**** Material for this exercise ****
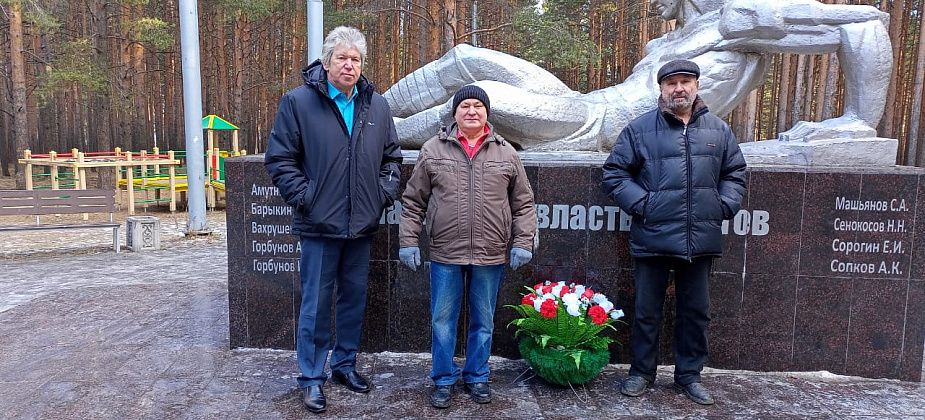 Карпинские коммунисты отметили День Октябрьской революции возложением цветов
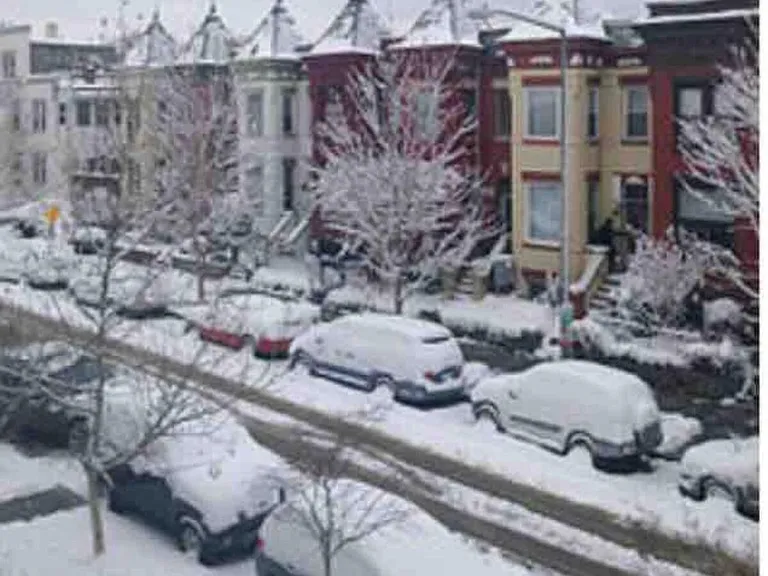 37 R St NW — Photo 14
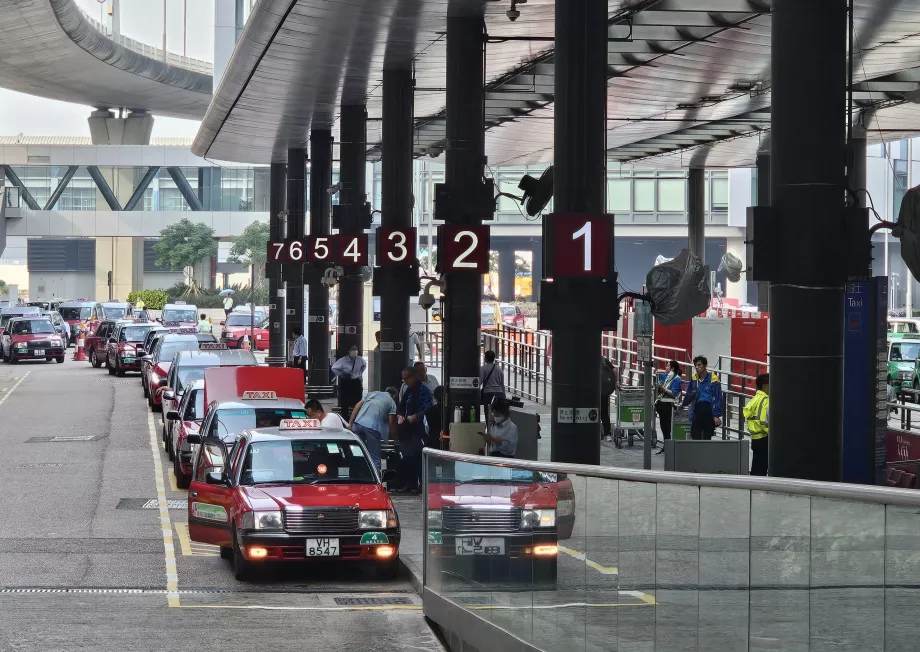 Taxi la Aeroportul Hong Kong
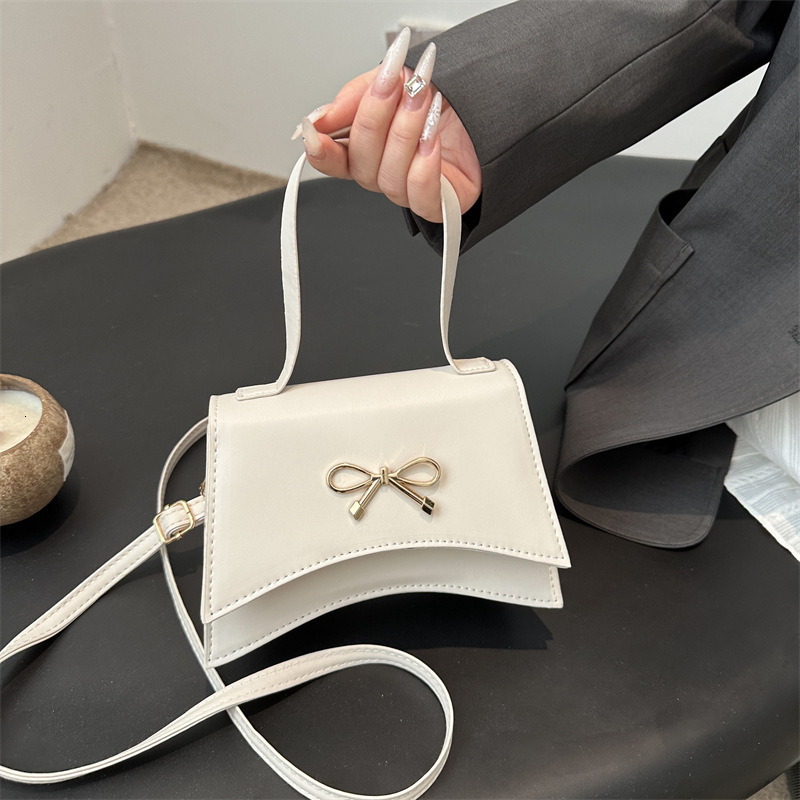 Free Delivery Designer Bag Bow Fashion 2025 Spring Casual Western Gentle Handheld Single Cross Shoulder Women's Small Square Bag Luxury Bag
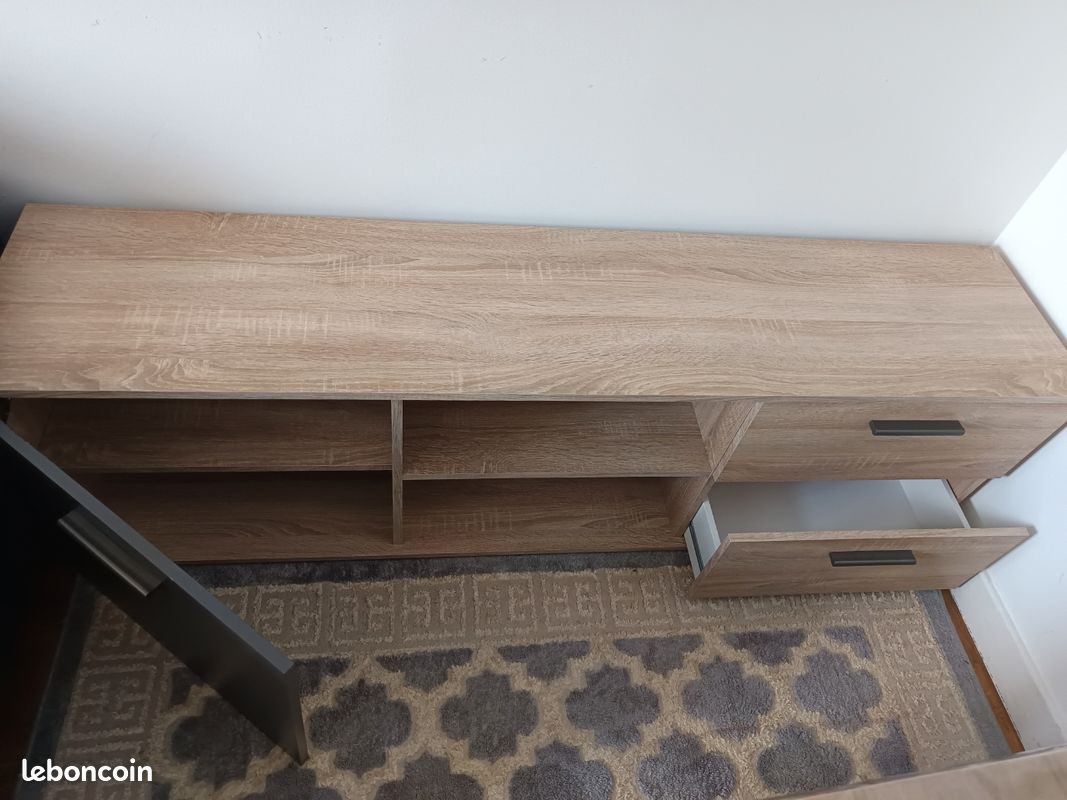 Commode (image 1)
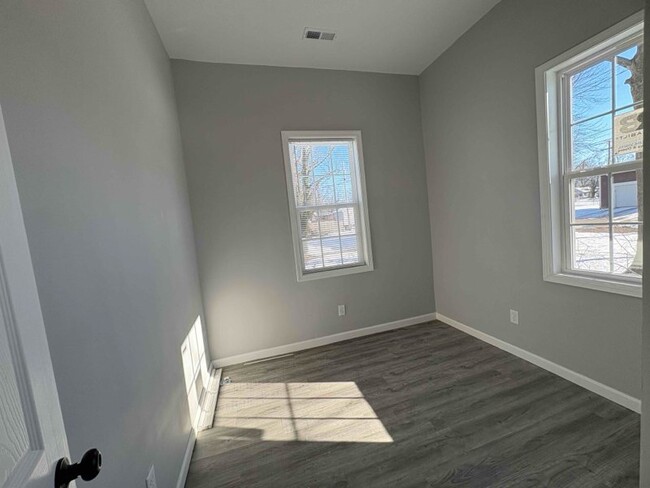 Building Photo - Two Bedroom | Completely Updated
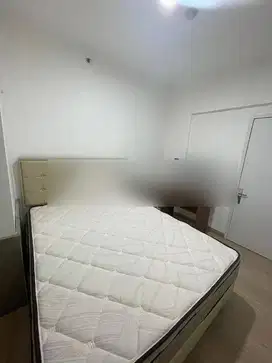 Apartemen Mediterania Gajah Mada Residence Semi Furnished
****
# [Aim of the task]
For this exercise, copy each line of the data above exactly, from the first through the line containing "Building Photo - Two", and drop the pictures.

# [Task answer]
 Карпинские коммунисты отметили День Октябрьской революции возложением цветов
 37 R St NW — Photo 14
 Taxi la Aeroportul Hong Kong
 Free Delivery Designer Bag Bow Fashion 2025 Spring Casual Western Gentle Handheld Single Cross Shoulder Women's Small Square Bag Luxury Bag
 Commode (image 1)
 Building Photo - Two Bedroom | Completely Updated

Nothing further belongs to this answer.